View source: R/SAEforest_model.R
SAEforest_model | R Documentation |
This function enables the use of Mixed Effects Random Forests (MERFs)
for applications of Small Area Estimation (SAE). Unit-level survey data on a target and
auxiliary covariates is required to produce reliable estimates of various
disaggregated economic and inequality indicators. Option meanOnly
saves computational
time for users that are only interested in the estimation of domain-specific means using
unit-level and aggregated auxiliary data. Predefined indicators include
the mean, median, quantiles (10%, 25%, 75% and 90%
), the head count ratio, the poverty gap,
the Gini-coefficient and the quintile share ratio. The MERF algorithm is an algorithmic procedure
reminiscent of an EM-algorithm (see Details). Overall, the function serves as a coherent framework
for the estimation of point estimates and if requested uncertainty estimates for the indicators.

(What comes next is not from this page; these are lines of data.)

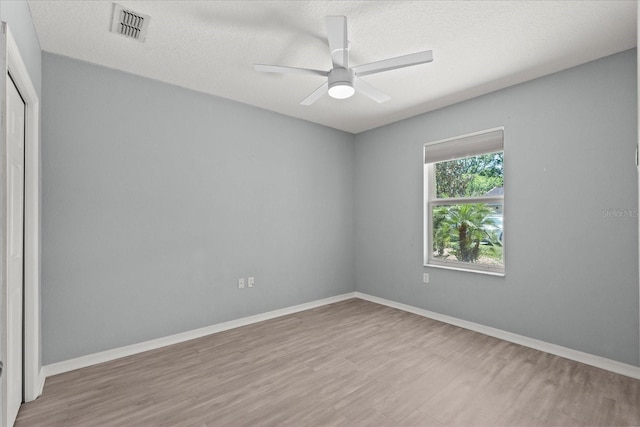 unfurnished room featuring wood finished floors, ceiling fan, baseboards, and a textured ceiling
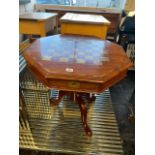 A brass inlaid pedestal games table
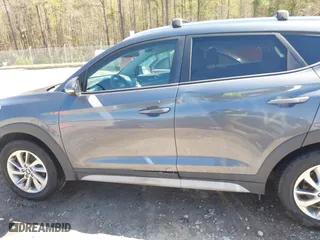 2017 Hyundai Tucson Value with VIN KM8J33A23HU405296, listed as a IAAI auction lot 41887237 with 114,027 mi miles. Bid and sale history available at carsss.com. Image 14.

Methodological details are found in Krennmair & Schmid (2022) and Krennmair et al. (2022b).
The following examples showcase further potential applications.
SAEforest_model(
Y,
X,
dName,
smp_data,
pop_data,
MSE = "none",
meanOnly = TRUE,
aggData = FALSE,
smearing = TRUE,
popnsize = NULL,
importance = "impurity",
OOsample_obs = 25,
ADDsamp_obs = 0,
w_min = 3,
B = 100,
B_adj = 100,
B_MC = 100,
threshold = NULL,
custom_indicator = NULL,
initialRandomEffects = 0,
ErrorTolerance = 1e-04,
MaxIterations = 25,
aggregate_to = NULL,
na.rm = TRUE,
...
)
Y |
Continuous input value of target variable. |
X |
Matrix or data.frame of predictive covariates. |
dName |
Character specifying the name of the domain identifier, for which random intercepts are modeled. |
smp_data |
data.frame of survey sample data including the specified elements of |
pop_data |
data.frame of unit-level population covariate data |
MSE |
Character input specifying the type of uncertainty estimates. Available options are:
(i) "none" if only point estimates are requested,
(ii) "nonparametric" following the MSE bootstrap procedure proposed by Krennmair & Schmid (2022) or by Krennmair et al.
(2022a) if |
meanOnly |
Logical. Calculating domain-level means only. Defaults to |
aggData |
Logical input indicating whether aggregated covariate information or unit-level covariate information
is used for domain-level means. Defaults to |
smearing |
Logical input indicating whether a smearing based approach or a Monte Carlo (MC) version for
point estimates should be obtained to estimate (nonlinear) indicators. MC should be used if computational constraints prohibit a
smearing approach. For theoretical details see Krennmair et al (2022b). Defaults to |
popnsize |
data.frame, comprising information of population size of domains.
Only needed if |
importance |
Variable importance mode processed by the
random forest from ranger. Must be 'none', 'impurity', 'impurity_corrected' or
'permutation'. A concept of variable importance is needed for the production of
generic plots |
OOsample_obs |
Number of out-of-sample observations taken from the closest area for potentially unsampled
areas. Only needed if |
ADDsamp_obs |
Number of out-of-sample observations taken from the closest area if first iteration for the
calculation of calibration weights fails. Only needed if |
w_min |
Minimal number of covariates from which informative weights are calculated.
Only needed if |
B |
Number of bootstrap replications for MSE estimation procedures. Defaults to 100. |
B_adj |
Number of bootstrap replications for the adjustment of residual variance proposed by Mendez and Lohr (2001). Defaults to 100. |
B_MC |
Number of bootstrap populations in the MC version for point estimates of (nonlinear) indicators. Defaults to 100. |
threshold |
Set a custom threshold for indicators, such as the head count ratio. The threshold
can be a known numeric value or function of |
custom_indicator |
A list of additional functions containing the indicators to be
calculated. These functions must only depend on the target variable |
initialRandomEffects |
Numeric value or vector of initial estimates of random effects. Defaults to 0. |
ErrorTolerance |
Numeric value to monitor the MERF algorithm's convergence. Defaults to 1e-04. |
MaxIterations |
Numeric value specifying the maximal amount of iterations for the MERF algorithm. Defaults to 25. |
aggregate_to |
Character containing the name of a variable from
population data that indicates the target domain level for which the
results are to be displayed. Only available if |
na.rm |
Logical. Whether missing values should be removed. Defaults to |
... |
Additional parameters are directly passed to the random forest ranger.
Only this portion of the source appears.